Building connection one heart at a time
Building connection one heart at a time

Different The Same: Speaking from Heart to Heart

German women on Chinese women
07.02.2020
Different The Same: Speaking from Heart to Heart

The Peace 50 community brings together influential, concerned, active, and responsible women from different countries and fields of activity. Each of the participants is not only an experienced expert but also an implementer of social projects contributing to the preservation of peace and development of the world. This year’s Summer Peace Summit brought together about one hundred women from 16 countries.
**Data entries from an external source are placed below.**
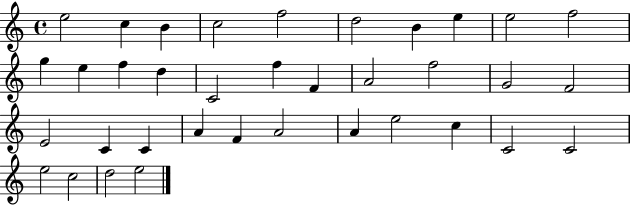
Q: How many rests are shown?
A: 0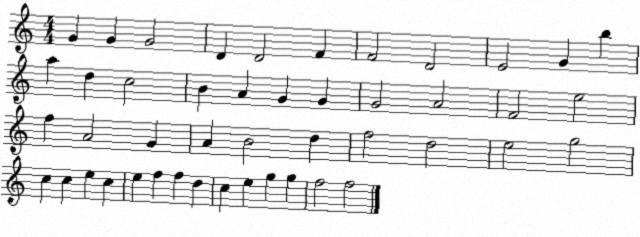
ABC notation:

X:1
T:Untitled
M:4/4
L:1/4
K:C
G G G2 D D2 F F2 D2 E2 G b a d c2 B A G G G2 A2 F2 e2 f A2 G A B2 d f2 d2 e2 g2 c c e c e f f d c e g g f2 f2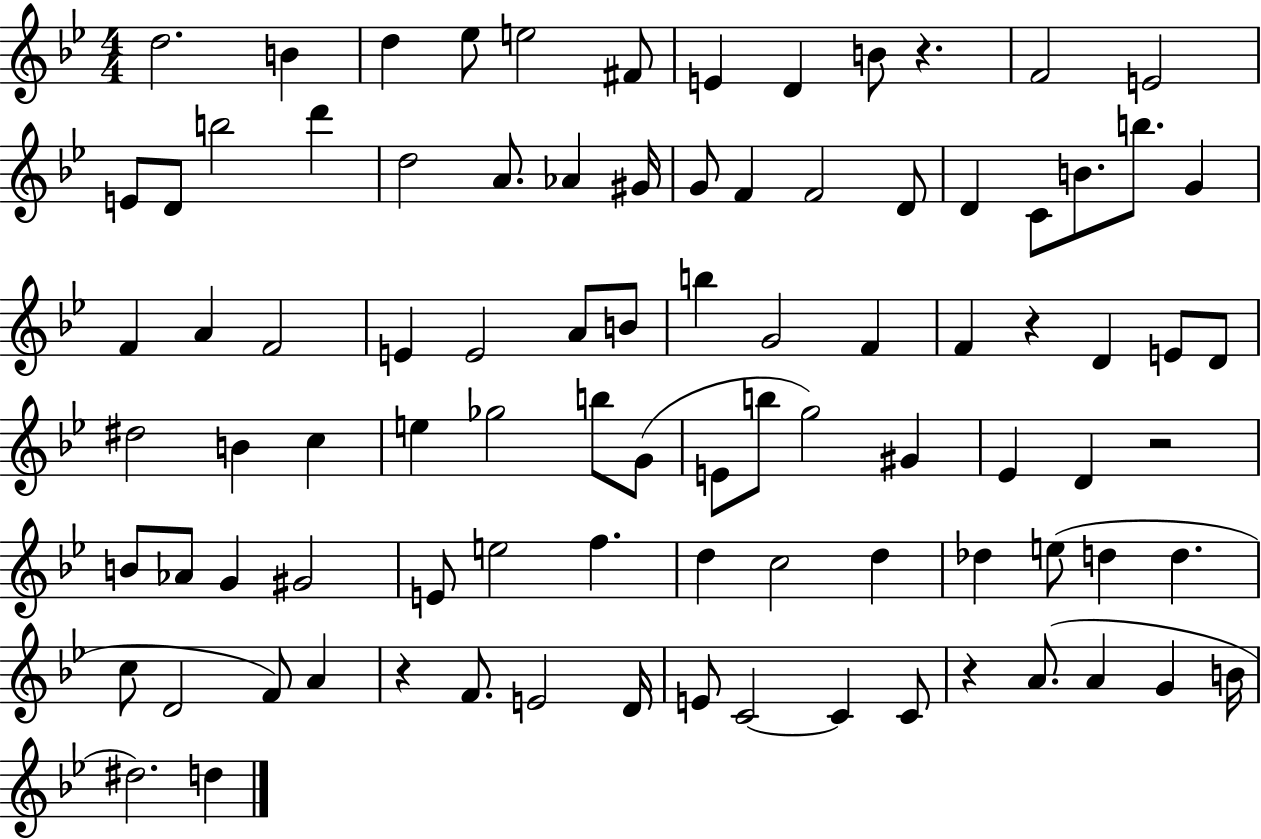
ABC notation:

X:1
T:Untitled
M:4/4
L:1/4
K:Bb
d2 B d _e/2 e2 ^F/2 E D B/2 z F2 E2 E/2 D/2 b2 d' d2 A/2 _A ^G/4 G/2 F F2 D/2 D C/2 B/2 b/2 G F A F2 E E2 A/2 B/2 b G2 F F z D E/2 D/2 ^d2 B c e _g2 b/2 G/2 E/2 b/2 g2 ^G _E D z2 B/2 _A/2 G ^G2 E/2 e2 f d c2 d _d e/2 d d c/2 D2 F/2 A z F/2 E2 D/4 E/2 C2 C C/2 z A/2 A G B/4 ^d2 d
Miriam Leitner and Theresia Romberg-Frede, co-founders of the Different The Same project dedicated to Chinese women, were among the Summit’s speakers for the first time.

DifferentT.jpg Miriam Leitner
co-founder of the Different The Same project dedicated to Chinese women
DifferentT2.jpg Theresia Romberg-Frede
co-founder of the Different The Same project dedicated to Chinese women

The concept of Different The Same project is based on the idea of similarity of people despite their cultural diversity. Miriam Leitner and Theresia Romberg-Frede have started a project with interviews and very personal and sincere stories of Chinese women. Such open conversations have visually shown that all women are unique but at the same time their life positions and systems of values share much in common. 

Different The Same project is a heart to heart conversation. It is a dialogue that German women started with Chinese women, thus erasing borders not only between those two countries but also among all countries of the world.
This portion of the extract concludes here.